Then on December 2nd, 1995, my world came to a halt after seeing my idol walk behind the Canadiens’ bench after being pulled, only to walk back and tell team President Ronald Corey that he had played his last game in my favourite team’s uniform. My heart was crushed. How can the great Roy, the face of this era’s franchise, my successor to the great Ken Dryden, let the heat of the moment take over and make him take the decision to abandon his teammates, his team, his fans and by the same token, myself… because of a rooster fight between him and his head coach? How has that become MY fault, as I ultimately was the one paying the price?
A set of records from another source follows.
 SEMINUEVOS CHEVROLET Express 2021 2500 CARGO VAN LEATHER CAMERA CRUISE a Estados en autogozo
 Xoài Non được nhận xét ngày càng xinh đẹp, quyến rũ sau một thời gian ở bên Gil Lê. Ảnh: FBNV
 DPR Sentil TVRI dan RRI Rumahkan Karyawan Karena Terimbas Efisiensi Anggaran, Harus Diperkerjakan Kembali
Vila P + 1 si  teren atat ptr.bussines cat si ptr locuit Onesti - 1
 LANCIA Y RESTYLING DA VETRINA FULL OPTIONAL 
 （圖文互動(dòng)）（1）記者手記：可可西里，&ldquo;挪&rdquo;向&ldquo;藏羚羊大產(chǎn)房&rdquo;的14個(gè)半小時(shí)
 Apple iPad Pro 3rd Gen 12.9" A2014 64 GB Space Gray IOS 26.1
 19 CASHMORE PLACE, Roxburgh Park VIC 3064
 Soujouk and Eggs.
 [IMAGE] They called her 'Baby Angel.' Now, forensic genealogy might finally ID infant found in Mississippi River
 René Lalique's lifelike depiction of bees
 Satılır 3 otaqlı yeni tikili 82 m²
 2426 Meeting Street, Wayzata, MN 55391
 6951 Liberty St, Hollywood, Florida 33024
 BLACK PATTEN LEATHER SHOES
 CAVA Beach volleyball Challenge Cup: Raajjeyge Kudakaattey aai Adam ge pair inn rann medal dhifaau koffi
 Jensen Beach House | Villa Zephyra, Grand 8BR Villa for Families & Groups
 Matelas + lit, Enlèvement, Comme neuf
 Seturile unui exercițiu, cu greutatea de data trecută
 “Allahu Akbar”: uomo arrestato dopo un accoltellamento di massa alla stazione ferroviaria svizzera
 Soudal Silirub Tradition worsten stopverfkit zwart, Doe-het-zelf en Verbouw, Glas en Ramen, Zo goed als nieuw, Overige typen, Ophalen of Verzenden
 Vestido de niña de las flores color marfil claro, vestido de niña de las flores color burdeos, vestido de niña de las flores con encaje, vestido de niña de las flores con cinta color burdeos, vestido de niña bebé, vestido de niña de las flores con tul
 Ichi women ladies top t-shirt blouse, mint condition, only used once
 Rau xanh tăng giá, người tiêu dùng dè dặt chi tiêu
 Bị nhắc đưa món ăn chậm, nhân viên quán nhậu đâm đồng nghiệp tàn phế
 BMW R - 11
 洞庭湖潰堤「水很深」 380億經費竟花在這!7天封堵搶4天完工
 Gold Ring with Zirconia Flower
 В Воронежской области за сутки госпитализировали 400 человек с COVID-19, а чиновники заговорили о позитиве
Some claim that Roy went back to talk to Corey the next day to say that he regretted having done what he did, having said what he said. But for the Canadiens’ organization, the damage was done and they couldn’t go back. Roy had his temper tantrum on national television, in front of millions of viewers, and there was no going back on that. He was the team’s best player, but he was NOT bigger than the Montreal Canadiens.

Avalanche too

Hired as the team’s head coach and consultant to GM Joe Sakic, Roy had found another career in hockey, in the NHL, with the second team he’s only known. Avalanche fans loved him as much as I did way back when he was in Montreal. Then, when he found himself in a disagreement with his former teammate and boss, he waited until August, less than a month before training camp, to inform Sakic and the Avalanche that he was quitting his job with the team.

This left Sakic and the Avalanche in a huge bind, and rest assured that Roy knew it. Yet, the disagreement occurred well before then, during that summer’s NHL Draft. So why wait so long? Because Patrick does what Patrick wants and when things don’t go his way, Patrick pouts and seeks revenge. And I’m not going to go into his well documented domestic violence issues either, or his assault on Chicoutimi Sagueneens’ owner Pierre Cardinal

Roy is a hot head. I’m done with him, and I have been for a long time. If you think for a second that he’s the man to take over from Marc Bergevin one day, you are definitely not thinking straight. The guy is a nut case and when things don’t go his way, he picks up his toys and leaves, not giving a crap about you and what you think. He has displayed over and over again that he has a “Me, Myself and I” attitude and there is a reason why he hasn’t found work in the NHL’s tight circle. To me, the guy who once was my idol is dead. He was replaced by this horrifying individual whom I wouldn’t want my kids to look up to… as he’s as far a good role model as it gets.

So long Patrick, the Saint has been removed from your name a long time ago. Go Habs Go!